• A Charge by Any Other Name: Supreme Court Upholds EEOC's Definition of "Charge" of Discrimination under the ADEA
  • April 4, 2008
  • Law Firm: Baker & Hostetler LLP - Cleveland Office
  • Federal Express Corp. v. Holowecki

    In a 7-2 decision on February 27, 2008, in the case Federal Express Corp. v. Holowecki, the Supreme Court determined that an intake questionnaire submitted to the Equal Employment Opportunity Commission (EEOC) along with an affidavit requesting assistance constituted a "charge" as that term is defined by the EEOC under the Age Discrimination in Employment Act of 1967 (ADEA). Although the employer was unaware of the existence of the "charge" until after the age discrimination lawsuit was filed, the Court was unwilling to punish the claimant due to the inaction of the EEOC.

    Under the ADEA, no individual may file a civil action "until 60 days after a charge alleging unlawful discrimination has been filed with the Equal Employment Opportunity Commission. . . ." 29 U.S.C. §626(d). The statute requires the EEOC, upon receiving such a charge, to "promptly notify all persons named in such charge as prospective defendants in the action and shall promptly seek to eliminate any alleged unlawful practice by informal methods of conciliation, conference, and persuasion." 29 U.S.C. §626(d).

    In this case, an employee over the age of forty completed an "Intake Questionnaire" with the EEOC in December 2001, alleging age discrimination, and she attached a signed six-page affidavit describing the purported unlawful practices in more detail. She and thirteen other current or former employees filed an ADEA lawsuit against the employer in April 2002. Prior to the lawsuit, the EEOC did not assign a charge number, did not notify the employer about the Questionnaire or affidavit, and did not commence enforcement or conciliation proceedings. Finding that no charge had been filed, the trial court dismissed the lawsuit, but the Second Circuit Court of Appeals reversed. The Supreme Court subsequently agreed with the Second Circuit.

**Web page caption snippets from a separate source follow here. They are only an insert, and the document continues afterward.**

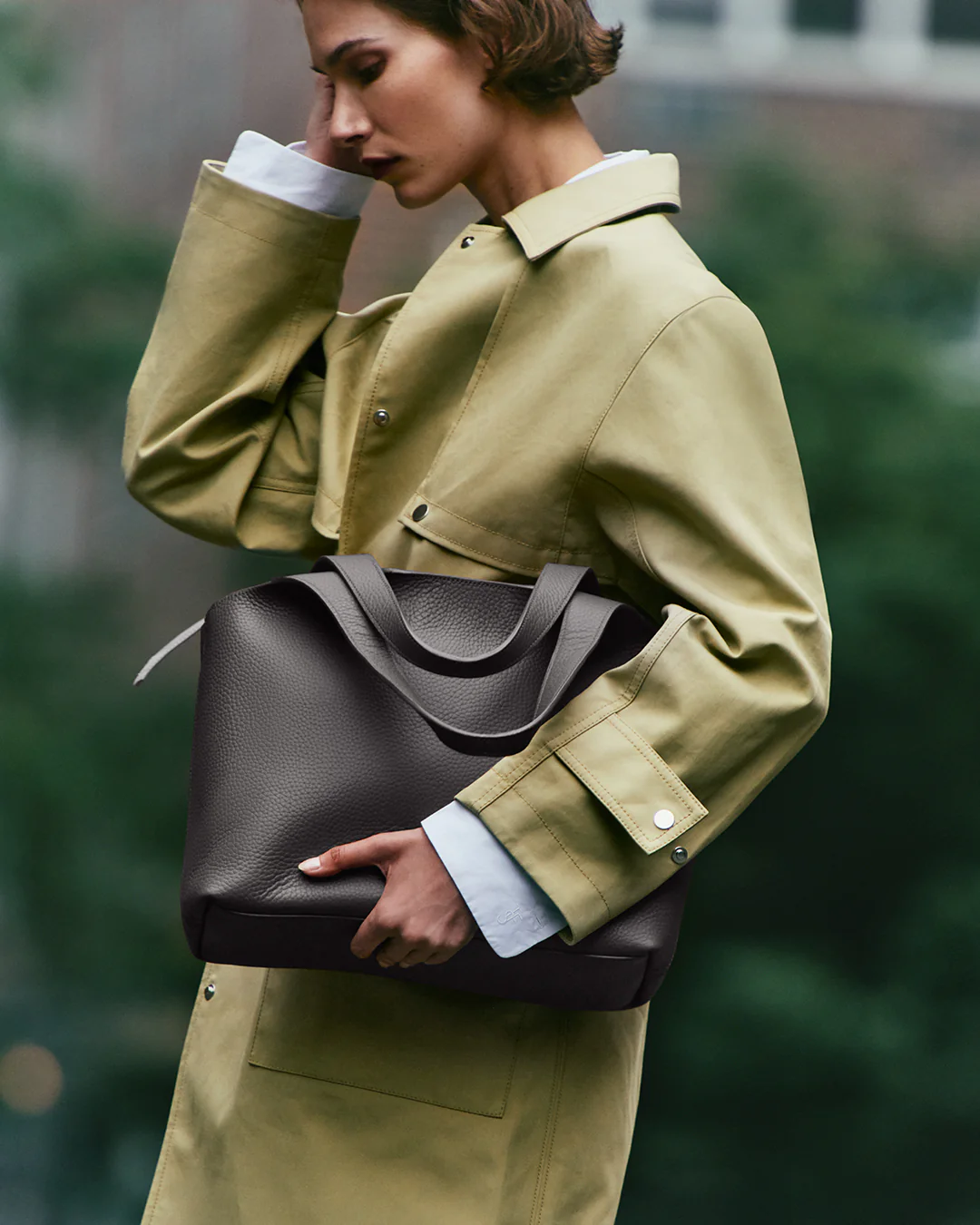 System Zipper Tote 16-inch - Image 57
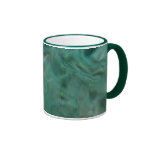 Aquatic Abstract - Painted by Nature Coffee Mugs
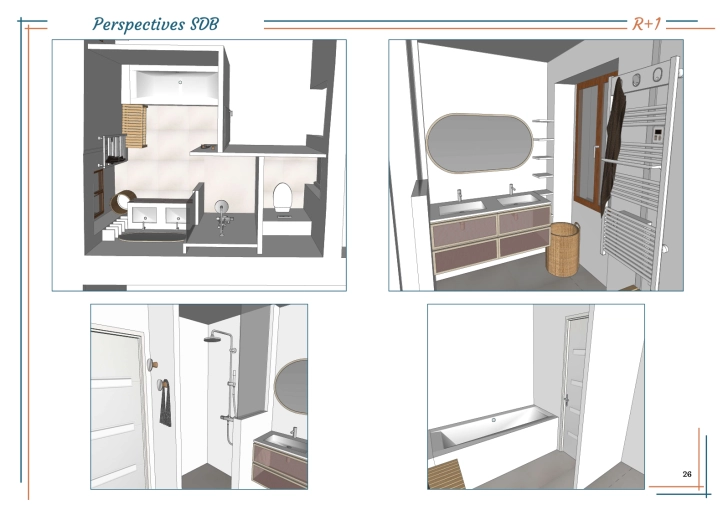 Minimalist, Bathroom, Plan, Renovation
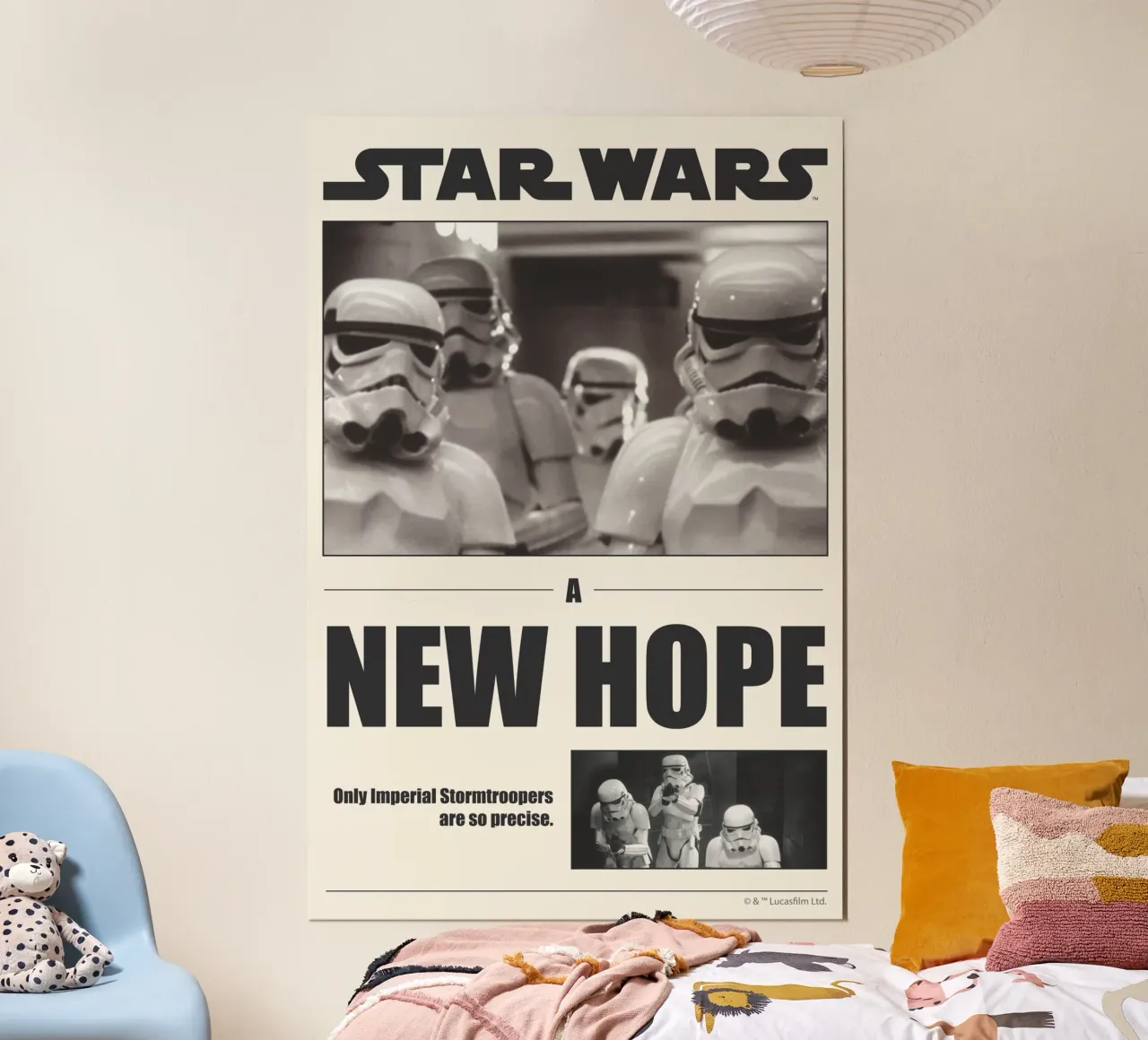 A new hope hahnemühle by Star Wars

    The ADEA does not define the word "charge." The EEOC, therefore, is tasked with developing a reasonable interpretation of "charge," and the Supreme Court determined that the EEOC's definition, although not the model of clarity, was reasonable. According to the Supreme Court, simply completing an intake questionnaire likely is not enough, but when combined with an affidavit or statement that requests the EEOC's assistance in resolving alleged violations of the ADEA, a charge has been filed.

    The employer argued that the purpose of filing a charge was not met because it received no notice of the charge until after the lawsuit was filed. Otherwise, why would the ADEA require the EEOC to promptly notify prospective defendants and to seek to conciliate or confer with the employer about the alleged unlawful practice? The Supreme Court acknowledged that the employer's interests were "given short shrift," but the EEOC's failure to communicate did not change the fact that a "charge" was filed in the first place.

    Although the Supreme Court has made it easier for an age discrimination plaintiff to file suit under the ADEA in a situation where a formal charge has not been filed, note that this decision will probably not impact cases under Title VII of the Civil Rights Act of 1964 or the Americans with Disabilities Act because the ADEA's pre-suit requirements are different. Unlike under Title VII or the ADA, an ADEA plaintiff does not have to wait to file a lawsuit until a "right to sue letter" is issued by the EEOC.